From what I’ve seen, there are two schools of thought when it comes to disclosing target numbers (called a variety of things in different systems):

  1. Don’t tell your players what they need to roll, just let them figure it out after a few attempts.
  2. Tell them what they need to roll.

I’ve been used to option one as the default approach for years, on both sides of the screen. Over the past few years, though, I’ve had a chance to see option two — full disclosure — in action as a player, and it rocks.

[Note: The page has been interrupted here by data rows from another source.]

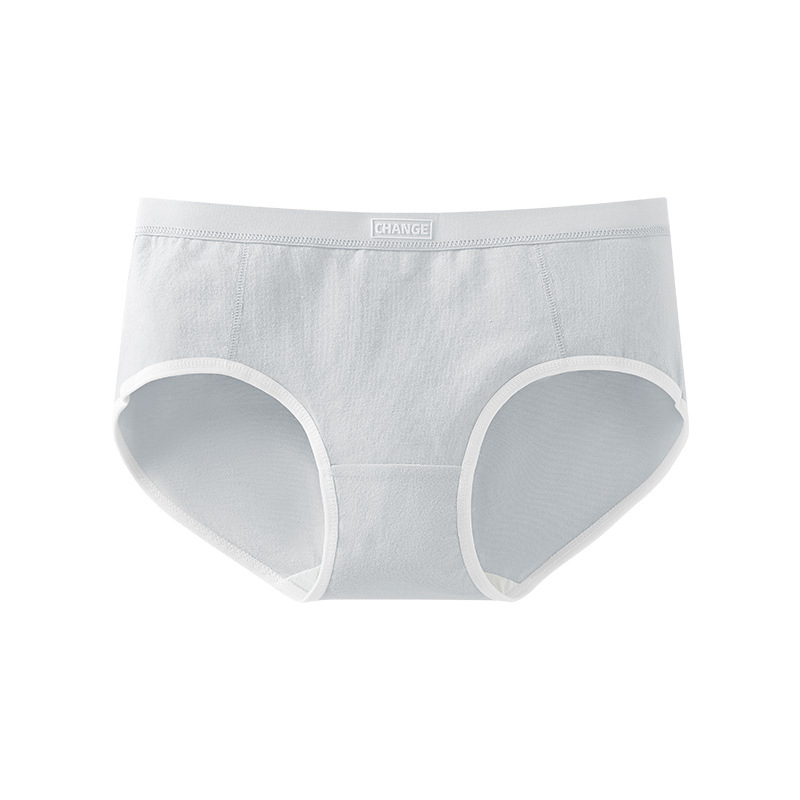 Un tipo de ropa interior de algodón para bebés, entrepierna antibacteriana de algodón para mujer, cintura media, ropa interior de algodón para niñas cómoda y sin costuras, refrescante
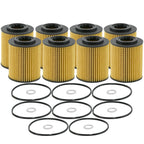 Set of 8 Engine Oil Filters for Hyundai Genesis Kia (StdAsp GAS)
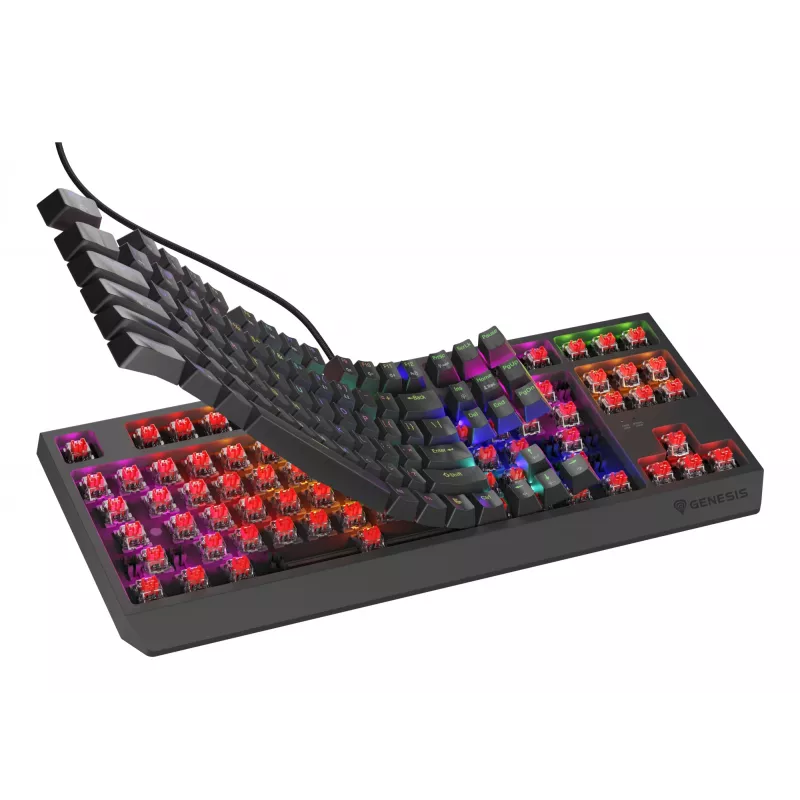 GENESIS Thor 230 TKL Lite Teclado Gaming USB QWERTY Inglés Negro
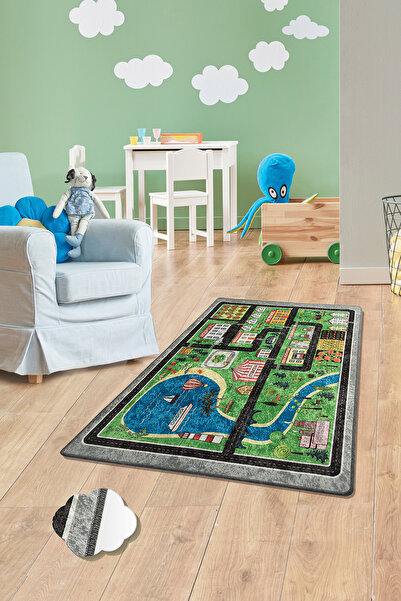 Chilai Home Children's rugs, 160 cm x 100 cm, Antibacterial, non-toxic, Anti-slip base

I’m now solidly in the second camp, and will be taking the full disclosure approach the next time I run a game. Telling your players what they need to roll has several benefits:

  • Saves time (they’ll figure it out anyway, so why not just tell them?).
  • Allows them to make more informed choices — both about whether and how to attempt the task, and about whether or not to expend finite resources (action points, for example).
  • Encourages creativity — “Crap, I can’t make that DC. I’ll have to try something else.”
  • Pulls the party together to help with important rolls.
  • Signals to your players which rolls are really critical, and which are less important.

You don’t have to share every target number, either — just most of them. You can still make a few rolls in secret, or keep mum about what the party needs to roll when you think it’ll add drama to the situation.

If you’re used to not disclosing target numbers, this represents a major shift in play style — and one that might not be for you. The best way to find out if this play style works for you and your group is just to try it. At your next session, disclose all (or nearly all) target numbers in advance, and see what happens. Like me, you might discover that you love this approach.